Contemplative prayer is the practice of learning to be open to the sacred in everyday life. In my religious upbringing, I was taught to think of the sacred as something external to myself. The central way that religious institutions exercise power is by controlling access to the sacred. They organize themselves like corporations with something to produce and sell. The professional clergy are turned into salespeople and we are turned into consumers of the sacred. What do we have to offer to gain access to the sacred? Mainly, obedience to the institution and its official representatives, doctrines and rituals.

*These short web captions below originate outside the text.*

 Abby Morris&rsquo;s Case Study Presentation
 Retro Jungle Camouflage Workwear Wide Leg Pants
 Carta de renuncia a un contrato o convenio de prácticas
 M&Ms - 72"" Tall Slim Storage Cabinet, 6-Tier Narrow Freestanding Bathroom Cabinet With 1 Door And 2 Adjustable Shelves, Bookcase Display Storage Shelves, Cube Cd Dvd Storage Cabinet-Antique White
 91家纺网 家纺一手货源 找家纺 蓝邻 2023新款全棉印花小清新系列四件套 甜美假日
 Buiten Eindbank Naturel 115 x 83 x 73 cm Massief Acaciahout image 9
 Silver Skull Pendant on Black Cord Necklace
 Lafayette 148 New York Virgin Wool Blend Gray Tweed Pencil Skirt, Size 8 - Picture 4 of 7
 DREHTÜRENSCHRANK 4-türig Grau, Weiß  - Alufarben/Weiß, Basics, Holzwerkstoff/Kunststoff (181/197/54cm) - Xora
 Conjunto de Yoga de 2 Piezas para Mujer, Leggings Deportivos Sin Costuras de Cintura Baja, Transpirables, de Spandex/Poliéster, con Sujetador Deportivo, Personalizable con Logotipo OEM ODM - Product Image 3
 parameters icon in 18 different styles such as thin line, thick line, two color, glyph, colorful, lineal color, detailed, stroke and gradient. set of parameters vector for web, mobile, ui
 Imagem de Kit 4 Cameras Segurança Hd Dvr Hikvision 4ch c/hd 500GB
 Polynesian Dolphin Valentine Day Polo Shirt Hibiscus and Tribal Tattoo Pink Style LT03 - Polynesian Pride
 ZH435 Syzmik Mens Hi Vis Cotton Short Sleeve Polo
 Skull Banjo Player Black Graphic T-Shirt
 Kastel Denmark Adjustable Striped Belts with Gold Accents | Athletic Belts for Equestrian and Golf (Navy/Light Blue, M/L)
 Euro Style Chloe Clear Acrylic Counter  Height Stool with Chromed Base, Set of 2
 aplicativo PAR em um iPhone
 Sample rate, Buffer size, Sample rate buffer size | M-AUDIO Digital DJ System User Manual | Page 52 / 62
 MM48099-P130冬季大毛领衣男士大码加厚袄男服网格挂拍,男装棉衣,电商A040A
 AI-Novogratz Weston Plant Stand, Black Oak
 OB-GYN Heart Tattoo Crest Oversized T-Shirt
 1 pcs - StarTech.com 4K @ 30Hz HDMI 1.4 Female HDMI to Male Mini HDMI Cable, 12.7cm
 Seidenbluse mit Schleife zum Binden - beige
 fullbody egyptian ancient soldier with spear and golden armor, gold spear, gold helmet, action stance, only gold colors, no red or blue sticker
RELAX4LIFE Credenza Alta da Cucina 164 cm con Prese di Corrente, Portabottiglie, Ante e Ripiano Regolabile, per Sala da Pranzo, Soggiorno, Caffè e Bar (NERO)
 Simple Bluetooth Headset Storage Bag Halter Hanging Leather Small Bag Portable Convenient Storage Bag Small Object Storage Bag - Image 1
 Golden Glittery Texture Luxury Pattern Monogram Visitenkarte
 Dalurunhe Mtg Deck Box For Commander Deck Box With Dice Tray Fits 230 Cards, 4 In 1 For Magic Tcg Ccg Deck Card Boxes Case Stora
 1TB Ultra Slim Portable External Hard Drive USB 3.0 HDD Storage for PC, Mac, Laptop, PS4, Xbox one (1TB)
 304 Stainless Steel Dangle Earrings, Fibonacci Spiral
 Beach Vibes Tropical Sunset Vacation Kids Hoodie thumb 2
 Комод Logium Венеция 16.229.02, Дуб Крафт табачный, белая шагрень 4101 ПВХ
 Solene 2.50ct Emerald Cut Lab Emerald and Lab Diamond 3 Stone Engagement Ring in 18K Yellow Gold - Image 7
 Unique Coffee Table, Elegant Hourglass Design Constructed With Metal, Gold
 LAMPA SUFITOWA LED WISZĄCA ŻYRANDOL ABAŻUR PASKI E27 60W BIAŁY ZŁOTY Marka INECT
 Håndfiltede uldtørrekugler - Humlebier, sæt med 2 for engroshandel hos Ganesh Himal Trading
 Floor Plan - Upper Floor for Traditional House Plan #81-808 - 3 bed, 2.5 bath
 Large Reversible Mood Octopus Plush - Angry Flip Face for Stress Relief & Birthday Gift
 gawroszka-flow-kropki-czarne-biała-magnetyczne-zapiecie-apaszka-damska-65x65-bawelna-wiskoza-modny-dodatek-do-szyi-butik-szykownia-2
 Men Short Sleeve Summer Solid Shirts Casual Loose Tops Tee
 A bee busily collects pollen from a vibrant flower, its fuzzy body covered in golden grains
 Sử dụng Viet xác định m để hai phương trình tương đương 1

Jesus didn’t attempt to control access to the sacred. If you read the stories of his miracles, he regularly said that a person’s own faith was the source of the miracle they desired. Jesus’ recognition of the sacred within a particular individual was the beginning point of a new relationship between God and that person. He taught people to recognize the sacred within themselves.
Have you ever heard someone say, “I’m not artistic?”
Their statement about artistic creativity reflects the same disempowering process we see in religious institutions in which people are alienated from the sacred within themselves. Other institutions, particularly educational systems, teach us that we aren’t creative. Why? It’s pretty obvious. Our society doesn’t put a high value on artists. Think about all the denigrating images that society uses to portray artists. Crazy. Suicidal. Poor. Promiscuous. Outcasts. Who would want to be an artist if this bleak fate awaits them?
Don’t get me wrong. Our society places a high value on creativity. But it has to fit into the capitalist system to have value. The economic institution of capitalism has invested heavily in gaining access to people’s creativity. It’s a source of profit. Just as religious institutions exercise self-interested control over access to the sacred, economic institutions exercise self-interested control over access to creativity.
There is an alternative to lives of alienation from the sacred and creative sources that exist within every one of us:
Once we recognize our own sacredness and creativity, miracles happen.